Stored records
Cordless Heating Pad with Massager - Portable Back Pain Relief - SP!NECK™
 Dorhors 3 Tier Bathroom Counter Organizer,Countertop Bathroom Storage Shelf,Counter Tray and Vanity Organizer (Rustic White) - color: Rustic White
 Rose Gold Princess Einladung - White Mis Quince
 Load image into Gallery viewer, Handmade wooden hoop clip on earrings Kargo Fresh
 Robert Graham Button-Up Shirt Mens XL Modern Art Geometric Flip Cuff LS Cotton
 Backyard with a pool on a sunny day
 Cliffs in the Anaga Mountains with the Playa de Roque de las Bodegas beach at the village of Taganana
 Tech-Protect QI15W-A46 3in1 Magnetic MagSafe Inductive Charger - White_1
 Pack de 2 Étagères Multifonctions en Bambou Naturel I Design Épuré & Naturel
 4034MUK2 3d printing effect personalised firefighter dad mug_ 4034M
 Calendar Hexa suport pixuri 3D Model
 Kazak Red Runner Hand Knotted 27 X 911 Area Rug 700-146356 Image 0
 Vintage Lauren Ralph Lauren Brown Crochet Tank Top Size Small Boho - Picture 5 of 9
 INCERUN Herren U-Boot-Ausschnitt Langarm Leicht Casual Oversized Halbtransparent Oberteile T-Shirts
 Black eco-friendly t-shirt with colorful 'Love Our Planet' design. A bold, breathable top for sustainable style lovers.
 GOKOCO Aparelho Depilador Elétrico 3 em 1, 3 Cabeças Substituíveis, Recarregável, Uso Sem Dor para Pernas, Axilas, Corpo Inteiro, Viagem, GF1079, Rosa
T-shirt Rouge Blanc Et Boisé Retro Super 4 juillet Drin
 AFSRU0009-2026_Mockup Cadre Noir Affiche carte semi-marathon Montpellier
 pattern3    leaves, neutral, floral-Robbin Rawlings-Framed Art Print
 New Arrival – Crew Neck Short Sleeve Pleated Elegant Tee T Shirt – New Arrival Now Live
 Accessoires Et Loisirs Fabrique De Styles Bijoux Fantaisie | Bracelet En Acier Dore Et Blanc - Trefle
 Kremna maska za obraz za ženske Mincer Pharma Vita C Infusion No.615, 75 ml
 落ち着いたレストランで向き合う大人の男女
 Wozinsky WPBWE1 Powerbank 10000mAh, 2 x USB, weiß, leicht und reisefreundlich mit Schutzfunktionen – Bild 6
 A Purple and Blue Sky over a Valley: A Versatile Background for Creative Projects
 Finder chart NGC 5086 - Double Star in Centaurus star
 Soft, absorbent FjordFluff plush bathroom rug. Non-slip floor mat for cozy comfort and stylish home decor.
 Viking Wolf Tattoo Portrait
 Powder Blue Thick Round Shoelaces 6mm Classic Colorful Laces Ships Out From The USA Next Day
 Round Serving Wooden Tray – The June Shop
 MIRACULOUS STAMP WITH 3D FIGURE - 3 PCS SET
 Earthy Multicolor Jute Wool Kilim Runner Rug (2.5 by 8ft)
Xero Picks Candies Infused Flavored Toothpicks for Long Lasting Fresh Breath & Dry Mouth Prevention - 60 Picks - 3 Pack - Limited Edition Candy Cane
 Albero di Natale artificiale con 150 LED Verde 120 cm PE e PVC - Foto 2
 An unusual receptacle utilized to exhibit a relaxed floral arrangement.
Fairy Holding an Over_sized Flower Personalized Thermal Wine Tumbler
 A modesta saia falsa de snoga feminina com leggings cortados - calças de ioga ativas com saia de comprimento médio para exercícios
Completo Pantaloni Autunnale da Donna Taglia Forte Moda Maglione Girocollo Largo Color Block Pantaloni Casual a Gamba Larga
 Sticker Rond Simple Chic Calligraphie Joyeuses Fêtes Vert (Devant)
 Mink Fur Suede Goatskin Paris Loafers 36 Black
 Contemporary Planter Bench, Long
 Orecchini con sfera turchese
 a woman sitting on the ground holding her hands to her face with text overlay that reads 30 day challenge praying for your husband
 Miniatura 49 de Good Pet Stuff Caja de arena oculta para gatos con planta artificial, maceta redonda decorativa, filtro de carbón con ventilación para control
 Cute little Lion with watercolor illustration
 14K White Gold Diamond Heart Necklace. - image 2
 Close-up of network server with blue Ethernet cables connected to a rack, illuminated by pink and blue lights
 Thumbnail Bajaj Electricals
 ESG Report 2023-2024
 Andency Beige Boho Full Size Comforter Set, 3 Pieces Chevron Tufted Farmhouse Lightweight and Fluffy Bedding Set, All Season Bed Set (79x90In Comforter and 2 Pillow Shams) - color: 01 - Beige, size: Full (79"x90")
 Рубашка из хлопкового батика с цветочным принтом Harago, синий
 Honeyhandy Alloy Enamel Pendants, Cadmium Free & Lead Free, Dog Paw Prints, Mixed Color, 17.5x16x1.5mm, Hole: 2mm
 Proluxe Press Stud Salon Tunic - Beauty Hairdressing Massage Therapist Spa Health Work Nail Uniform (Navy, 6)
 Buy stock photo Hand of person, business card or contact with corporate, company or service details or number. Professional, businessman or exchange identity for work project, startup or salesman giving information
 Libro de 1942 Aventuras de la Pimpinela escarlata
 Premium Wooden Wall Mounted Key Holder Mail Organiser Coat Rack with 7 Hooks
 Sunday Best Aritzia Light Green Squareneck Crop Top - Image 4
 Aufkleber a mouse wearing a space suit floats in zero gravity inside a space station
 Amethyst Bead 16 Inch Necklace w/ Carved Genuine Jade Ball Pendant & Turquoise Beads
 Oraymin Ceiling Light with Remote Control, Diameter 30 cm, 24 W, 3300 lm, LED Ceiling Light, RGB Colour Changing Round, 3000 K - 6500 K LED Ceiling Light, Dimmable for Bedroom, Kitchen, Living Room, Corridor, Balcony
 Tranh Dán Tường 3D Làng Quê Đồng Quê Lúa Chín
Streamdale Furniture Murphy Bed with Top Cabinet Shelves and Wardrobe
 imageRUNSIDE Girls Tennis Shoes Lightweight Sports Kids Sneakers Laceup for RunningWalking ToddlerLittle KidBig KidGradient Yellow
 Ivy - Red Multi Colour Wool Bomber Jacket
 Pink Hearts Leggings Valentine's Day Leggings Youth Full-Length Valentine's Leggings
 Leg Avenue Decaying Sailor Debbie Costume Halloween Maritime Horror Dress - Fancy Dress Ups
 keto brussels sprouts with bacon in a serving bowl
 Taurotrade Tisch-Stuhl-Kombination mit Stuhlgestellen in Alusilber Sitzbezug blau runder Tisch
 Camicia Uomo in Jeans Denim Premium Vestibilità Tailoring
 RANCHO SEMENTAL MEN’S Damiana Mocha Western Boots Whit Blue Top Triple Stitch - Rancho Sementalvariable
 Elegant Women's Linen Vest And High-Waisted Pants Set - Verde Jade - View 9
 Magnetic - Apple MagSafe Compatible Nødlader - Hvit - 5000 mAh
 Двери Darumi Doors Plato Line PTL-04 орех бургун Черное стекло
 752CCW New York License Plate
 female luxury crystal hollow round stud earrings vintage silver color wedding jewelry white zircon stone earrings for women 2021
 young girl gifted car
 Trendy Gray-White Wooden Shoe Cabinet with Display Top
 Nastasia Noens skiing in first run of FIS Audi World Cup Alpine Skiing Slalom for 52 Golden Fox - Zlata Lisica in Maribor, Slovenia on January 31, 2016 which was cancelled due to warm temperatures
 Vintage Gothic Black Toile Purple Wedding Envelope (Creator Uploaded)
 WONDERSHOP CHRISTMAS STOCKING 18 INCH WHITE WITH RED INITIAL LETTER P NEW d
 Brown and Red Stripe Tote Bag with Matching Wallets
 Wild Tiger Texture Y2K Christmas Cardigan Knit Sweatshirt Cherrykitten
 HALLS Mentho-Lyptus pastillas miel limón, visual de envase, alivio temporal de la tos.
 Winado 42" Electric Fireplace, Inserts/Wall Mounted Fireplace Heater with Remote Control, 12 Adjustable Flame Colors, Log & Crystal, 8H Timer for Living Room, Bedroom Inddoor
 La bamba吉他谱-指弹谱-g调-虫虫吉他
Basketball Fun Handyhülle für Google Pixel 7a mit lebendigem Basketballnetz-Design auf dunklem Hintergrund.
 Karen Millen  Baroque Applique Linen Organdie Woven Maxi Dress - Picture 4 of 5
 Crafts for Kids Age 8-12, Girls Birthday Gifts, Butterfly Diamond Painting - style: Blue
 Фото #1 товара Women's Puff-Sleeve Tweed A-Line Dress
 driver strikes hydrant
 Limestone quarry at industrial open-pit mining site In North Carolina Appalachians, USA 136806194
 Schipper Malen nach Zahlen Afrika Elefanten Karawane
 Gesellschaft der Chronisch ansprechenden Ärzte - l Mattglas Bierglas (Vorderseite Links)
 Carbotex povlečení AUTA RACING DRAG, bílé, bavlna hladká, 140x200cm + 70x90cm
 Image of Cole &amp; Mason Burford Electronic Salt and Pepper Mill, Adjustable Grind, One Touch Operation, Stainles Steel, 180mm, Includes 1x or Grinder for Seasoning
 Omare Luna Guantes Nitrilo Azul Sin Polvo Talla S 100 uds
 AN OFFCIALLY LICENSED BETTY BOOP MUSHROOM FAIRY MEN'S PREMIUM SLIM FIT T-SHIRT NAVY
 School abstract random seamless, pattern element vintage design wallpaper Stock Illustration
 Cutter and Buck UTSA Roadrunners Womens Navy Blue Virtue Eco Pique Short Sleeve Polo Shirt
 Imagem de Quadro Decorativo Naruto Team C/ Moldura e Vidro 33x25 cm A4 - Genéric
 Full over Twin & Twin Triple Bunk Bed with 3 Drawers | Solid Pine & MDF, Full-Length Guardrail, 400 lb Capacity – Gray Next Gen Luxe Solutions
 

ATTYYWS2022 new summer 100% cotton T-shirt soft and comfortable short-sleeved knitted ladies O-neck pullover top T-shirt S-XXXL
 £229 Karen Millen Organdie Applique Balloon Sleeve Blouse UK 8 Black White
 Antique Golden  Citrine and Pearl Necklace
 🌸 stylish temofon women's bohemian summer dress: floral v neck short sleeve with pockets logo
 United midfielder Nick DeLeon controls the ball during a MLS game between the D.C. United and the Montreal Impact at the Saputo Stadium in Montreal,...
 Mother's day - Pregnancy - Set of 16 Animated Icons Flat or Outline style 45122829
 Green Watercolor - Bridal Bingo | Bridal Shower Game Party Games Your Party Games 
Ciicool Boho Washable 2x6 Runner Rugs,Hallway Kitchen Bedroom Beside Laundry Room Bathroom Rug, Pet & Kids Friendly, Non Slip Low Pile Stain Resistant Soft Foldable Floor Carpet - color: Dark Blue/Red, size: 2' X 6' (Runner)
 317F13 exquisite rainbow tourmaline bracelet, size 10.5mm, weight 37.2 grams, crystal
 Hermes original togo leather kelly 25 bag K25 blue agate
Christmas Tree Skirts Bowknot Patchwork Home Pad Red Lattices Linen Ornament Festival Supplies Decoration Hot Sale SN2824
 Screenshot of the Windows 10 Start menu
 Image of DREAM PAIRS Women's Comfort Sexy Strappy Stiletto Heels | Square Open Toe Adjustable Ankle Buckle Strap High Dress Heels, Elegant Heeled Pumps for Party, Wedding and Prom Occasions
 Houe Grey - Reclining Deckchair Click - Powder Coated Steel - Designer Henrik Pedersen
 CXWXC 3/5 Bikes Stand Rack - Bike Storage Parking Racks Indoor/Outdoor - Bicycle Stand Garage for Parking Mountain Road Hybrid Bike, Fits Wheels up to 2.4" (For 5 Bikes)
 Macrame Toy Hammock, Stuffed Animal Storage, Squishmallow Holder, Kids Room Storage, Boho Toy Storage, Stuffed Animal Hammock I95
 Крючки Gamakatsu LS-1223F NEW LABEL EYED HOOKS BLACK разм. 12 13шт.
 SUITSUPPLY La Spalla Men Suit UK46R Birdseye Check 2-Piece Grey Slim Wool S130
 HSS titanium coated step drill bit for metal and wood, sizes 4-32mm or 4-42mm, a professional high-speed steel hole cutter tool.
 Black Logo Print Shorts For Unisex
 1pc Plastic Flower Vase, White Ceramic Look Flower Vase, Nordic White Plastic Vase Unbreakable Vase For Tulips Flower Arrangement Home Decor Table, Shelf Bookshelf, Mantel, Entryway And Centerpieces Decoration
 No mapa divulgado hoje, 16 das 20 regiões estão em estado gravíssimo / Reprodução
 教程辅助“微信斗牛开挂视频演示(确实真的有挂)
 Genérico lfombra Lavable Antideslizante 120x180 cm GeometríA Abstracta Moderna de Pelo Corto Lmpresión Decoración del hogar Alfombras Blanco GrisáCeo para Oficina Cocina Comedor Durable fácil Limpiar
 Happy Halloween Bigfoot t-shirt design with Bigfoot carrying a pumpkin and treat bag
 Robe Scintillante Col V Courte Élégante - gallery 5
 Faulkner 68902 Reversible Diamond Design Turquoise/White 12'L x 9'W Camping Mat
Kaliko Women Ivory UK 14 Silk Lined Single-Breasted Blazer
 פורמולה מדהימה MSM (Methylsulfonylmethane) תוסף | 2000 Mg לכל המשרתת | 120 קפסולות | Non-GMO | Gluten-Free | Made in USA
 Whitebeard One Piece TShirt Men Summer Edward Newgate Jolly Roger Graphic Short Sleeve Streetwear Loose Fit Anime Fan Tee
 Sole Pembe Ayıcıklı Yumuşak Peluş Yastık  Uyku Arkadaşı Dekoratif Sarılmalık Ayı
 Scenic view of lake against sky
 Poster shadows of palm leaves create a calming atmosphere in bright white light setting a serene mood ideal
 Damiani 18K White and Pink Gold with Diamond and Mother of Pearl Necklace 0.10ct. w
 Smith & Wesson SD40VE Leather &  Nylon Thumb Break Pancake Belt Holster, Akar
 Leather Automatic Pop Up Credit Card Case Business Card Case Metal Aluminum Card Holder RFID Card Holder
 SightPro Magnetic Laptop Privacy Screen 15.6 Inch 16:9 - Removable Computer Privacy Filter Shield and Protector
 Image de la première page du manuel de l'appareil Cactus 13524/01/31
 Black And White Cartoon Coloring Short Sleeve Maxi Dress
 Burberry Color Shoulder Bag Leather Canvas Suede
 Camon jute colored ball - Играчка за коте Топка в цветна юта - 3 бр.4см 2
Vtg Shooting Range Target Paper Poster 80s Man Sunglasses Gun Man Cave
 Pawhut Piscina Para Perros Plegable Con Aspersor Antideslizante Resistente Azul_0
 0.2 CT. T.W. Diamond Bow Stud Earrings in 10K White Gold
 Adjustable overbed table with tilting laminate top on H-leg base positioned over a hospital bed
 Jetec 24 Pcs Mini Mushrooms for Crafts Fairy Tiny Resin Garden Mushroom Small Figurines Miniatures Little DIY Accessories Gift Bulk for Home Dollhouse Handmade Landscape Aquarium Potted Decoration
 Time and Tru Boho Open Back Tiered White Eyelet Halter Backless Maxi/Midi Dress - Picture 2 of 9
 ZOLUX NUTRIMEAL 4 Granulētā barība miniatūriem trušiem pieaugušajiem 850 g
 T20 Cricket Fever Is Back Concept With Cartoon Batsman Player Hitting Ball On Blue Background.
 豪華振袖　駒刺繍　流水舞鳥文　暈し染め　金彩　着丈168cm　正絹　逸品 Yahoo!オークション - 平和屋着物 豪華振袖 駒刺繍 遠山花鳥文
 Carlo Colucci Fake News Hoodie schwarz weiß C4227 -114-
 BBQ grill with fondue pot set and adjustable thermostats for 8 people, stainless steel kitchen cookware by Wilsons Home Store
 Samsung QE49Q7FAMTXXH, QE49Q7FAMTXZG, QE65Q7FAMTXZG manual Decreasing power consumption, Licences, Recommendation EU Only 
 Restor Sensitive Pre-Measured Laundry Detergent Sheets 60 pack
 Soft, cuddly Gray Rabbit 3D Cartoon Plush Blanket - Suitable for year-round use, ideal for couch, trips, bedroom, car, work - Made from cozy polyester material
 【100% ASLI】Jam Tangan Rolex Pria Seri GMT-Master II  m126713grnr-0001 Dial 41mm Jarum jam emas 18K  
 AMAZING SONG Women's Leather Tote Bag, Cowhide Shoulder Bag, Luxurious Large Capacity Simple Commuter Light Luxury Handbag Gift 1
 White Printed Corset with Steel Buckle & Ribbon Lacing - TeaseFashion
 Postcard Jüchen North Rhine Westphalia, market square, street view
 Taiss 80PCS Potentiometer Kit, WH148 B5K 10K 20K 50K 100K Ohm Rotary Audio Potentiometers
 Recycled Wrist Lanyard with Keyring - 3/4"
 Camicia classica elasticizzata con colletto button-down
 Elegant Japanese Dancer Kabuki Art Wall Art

- **Requirement**:
What lines in the data above carry "weiß"? Return them all.

- **Solution**:
 Wozinsky WPBWE1 Powerbank 10000mAh, 2 x USB, weiß, leicht und reisefreundlich mit Schutzfunktionen – Bild 6
 Carlo Colucci Fake News Hoodie schwarz weiß C4227 -114-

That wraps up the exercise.